There are some strong economic undercurrents that have been pushing stock prices higher. Businesses, which hoarded cash during the recession, have started investing in new machinery and equipment again. The painful job cuts during the downturn, whose legacy is today’s 7.9 percent unemployment rate, have left companies leaner – and significantly more profitable – than they were when the market set its previous high Oct. 9, 2007.
Operating earnings on the broader Standard & Poor’s 500 index are 9 percent more than they were before the recession and 70 percent higher than at the depths of the downturn in 2009. That index closed Tuesday at 1,539.79, close to its all-time high of 1,565.
The S&P 500, an index of 500 large American corporations, is much broader than the 30-company Dow and is considered a stronger barometer of the economy.
The Nasdaq composite index, with almost 3,000 technology and growth companies, closed up by 42 points, at 3,224, well below its record of 5,046 set in March 2000.
“It’s a challenging environment, but the only silver lining is that earnings have been so strong,” said Hamburg financial planner Peter Aleksandrowicz.
Low interest rates – the product of the Federal Reserve pumping $3 trillion in liquidity into the economy – have hammered savers by slashing the returns on low-risk investments to virtually nothing, pushing them into higher-yielding bonds and, to a lesser extent, stocks in hopes of capturing higher returns.
The yield on the 10-year Treasury note, currently 1.9 percent, is still lower than the yield of about 2.1 percent on the S&P 500.
“Savers have gotten killed,” Ogorek said. “Everything that’s paying a decent rate has taken in a lot of money,” and that includes stocks, especially those that pay dividends.
“Is this 14,000 like the last 14,000?” Aleksandrowicz asked. “This is a totally different one. It is a much cheaper 14,000, so I think we have a lot of room to run. I don’t know where else you turn other than the U.S. equity market.”
Consumers have taken advantage of low rates to refinance mortgages and other debt, reducing interest expenses as they work to pay down the borrowings they accumulated during the debt-fueled expansion of a decade ago.
Debt payments, which ate up a little more than 14 percent of the average household’s disposable income before the crash, now take up less than 11 percent, leaving consumers with more money to spend on other things, according to the Fed.
But the economy continues to face strong head winds. Economic growth slowed to just 0.1 percent during the fourth quarter, while consumer confidence remains subdued, and wage growth has barely kept pace with inflation. Housing prices across the country, despite recent improvement, still are about 25 percent below their 2007 peak, wiping out a major source of household wealth that had fueled the economy during the early 2000s.
Unemployment – 4.7 percent in October 2007 – now is 7.9 percent, although that’s still an improvement from its peak of 10 percent in October 2009.
And economists warn that automatic spending cuts from the federal budget crisis could put a further drag on economic growth.

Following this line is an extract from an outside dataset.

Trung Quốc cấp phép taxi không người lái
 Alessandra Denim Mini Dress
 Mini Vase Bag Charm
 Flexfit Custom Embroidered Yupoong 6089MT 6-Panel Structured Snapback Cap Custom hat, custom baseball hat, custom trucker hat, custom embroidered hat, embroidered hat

Those long-term financial issues – and the more recent political ones – are troubling to a significant cadre of investors who were badly spooked by the market’s plunge – the Dow plummeted 46 percent in just 15 months – and still are wary of getting back into the stock market.
“There is still disbelief that the market has, in fact, recovered,” Ogorek said. “What we experienced five years ago is statistically quite rare, a perhaps once-or-twice-in-a-century event.”
And those feelings are what make investing so difficult, Ogorek said.
“Successful investing is very counterintuitive. You should be fearful when you’re the most comfortable, and you should be investing when you’re the most fearful,” he said.
“Just think about how you felt 5½ years ago,” Ogorek said, “and how you truly believed the market was going to zero; 5½ years later, we see that markets self-correct. They don’t go to zero, and they do come back.”